Using this as a point of departure, note the languages Holmes grants to the beginning Elf character:
Elves can speak the languages of orcs, hobgoblins and gnolls
Given that orcs are elves twisted beyond recognition suggests that the reason that elves know the language of the orcs is because it is a dialect of elvish. It follows that so, too, are the languages of the hobgoblin and gnoll. This suggests that hobgoblins and gnolls are either other twisted elves or a further twisting of orcs.
This vision is reinforced by the languages given the beginning Dwarf character:
Dwarves can all speak the languages of gnomes, kobolds and goblins.
Holmes essentially calls gnomes chaotic good hill dwarves:
Gnomes are similar to dwarves, whom they resemble. They are smaller, have longer noses and beards and inhabit low-land and hill burrows rather than mountains.
Kobolds are also described as a kind of dwarf:
These evil dwarf-like creatures behave much like goblins, but are less powerful.
The goblin behavior in question suggests that goblins, too, are a kind of dwarf:
They always attack dwarves on sight.
In other words, gnomes are chaotic dwarves, goblins are evil dwarves as are kobolds (possibly even a derivative of gnomes, due to their size). Therefore, the languages given the beginning dwarf character are likely all dialects of the original dwarven language.

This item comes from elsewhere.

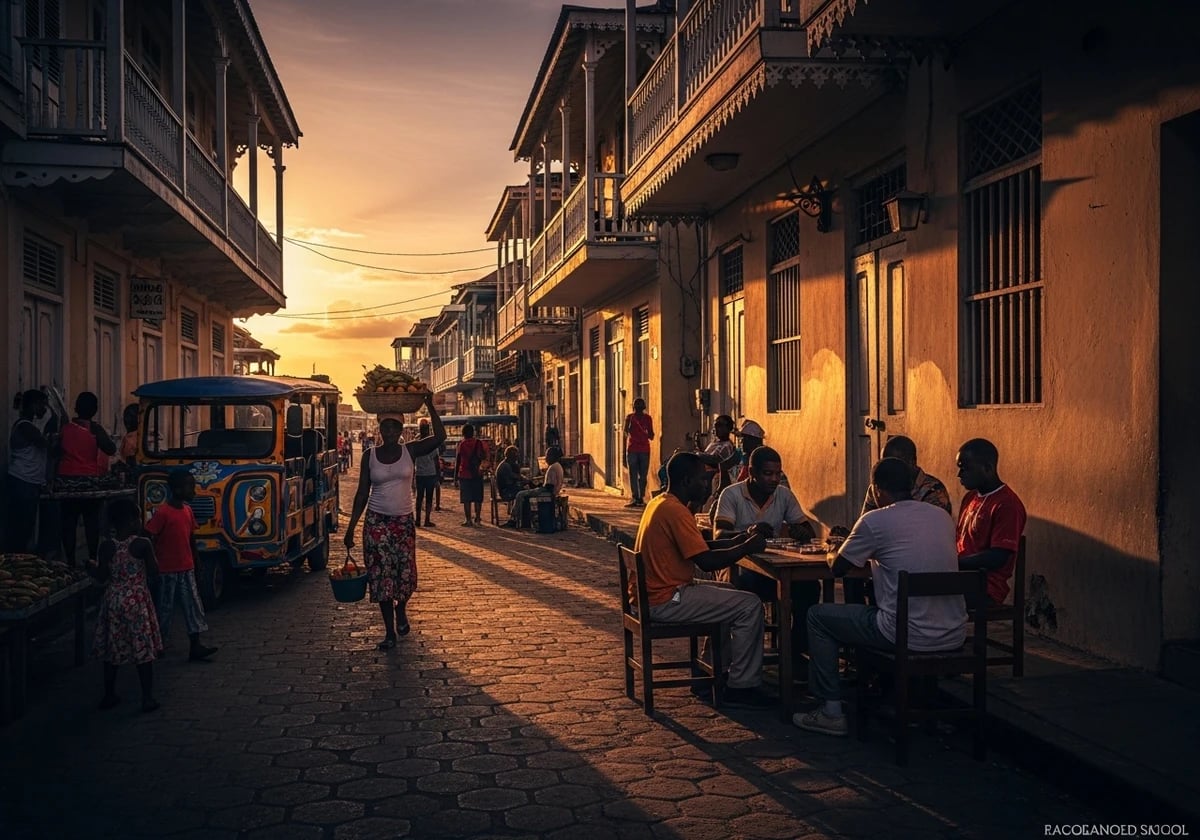 Jacmel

This all suggests a very interesting definition of goblinoid, given how Holmes describes the hobgoblin:
Hobgoblins are big, powerful goblinoids
Since the suggested origin of hobgoblins is the elf and the suggested origin of the goblin is the dwarf, the term goblinoid seems to mean any race whose origin is the twisting of a progenitor race (such as elves or dwarves).
Given this statement by Holmes:
At the Dungeon Master's discretion a character can be anything his or her player wants him to be.

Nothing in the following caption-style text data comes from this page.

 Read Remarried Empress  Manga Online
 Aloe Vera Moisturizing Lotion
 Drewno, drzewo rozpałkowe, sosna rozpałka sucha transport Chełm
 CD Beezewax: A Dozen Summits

it follows that should one want to play a gnome, goblin or kobold that one could simply use the dwarf class as a template and, likewise, orcs, hobgoblins and gnolls could use the elf class as a template.
It also suggests something interesting about a Dark Elf and their relationship to Goblinoids. :)
This is a really eye-opening post to me. I've read and re-read Holmes more times than I can recall and yet, somehow, I never managed to put all these little cues together to form a conclusion like this one.
Awesome stuff, Fr Dave. Please, keep it up.
I agree with James. I've read Holmes so many times that I know all of those sentences you quote word for word, yet I never took it that next step to draw the conclusions you drew. Well done.
This is extraordinary, and it all makes a kind of sense. Who was doing the twisting in Holmes D&D, I wonder? Simply untwisting them again and using the elf and dwarf templates doesn't seem quite appropriate, working from Tolkien as a source.
...now what about Blake's influence on Tolkien? In Blake, Orc seems to be something like the free spirit of man that is naturally inclined to revolutions. In Tolkien orcs seem more like urban proletariat: creatures bred and kept as soldiers by other entities, but for all their elfish origins they come across as men.
@James @Rick @richard
Thanks for all the kind words! I am still having fun with this, so more is on the way...
Simply untwisting them again and using the elf and dwarf templates doesn't seem quite appropriate
Personally, I might do a little tweaking, but not much. Look at the way the Drow have been handled over the years, for example. For all intents and purposes, they are Elves even though they, too, have been twisted.
Two further thoughts:
1) Kobolds get a +3 on all saves except Dragon Breath, which brings their Saves to the same level as Dwarves, further suggesting they are "evil dwarves" (perhaps they have dwindled like the Petty-Dwarves of Tolkien).
2) I'd suggest that the Dagger +1 vs man-sized, +2 vs Goblins and Kobolds, is of Dwarvish origin. And the Dagger +2 vs man-sized, +3 vs Orc, Goblins and Kobolds, is the work Elvish and Dwarvish craftsman together.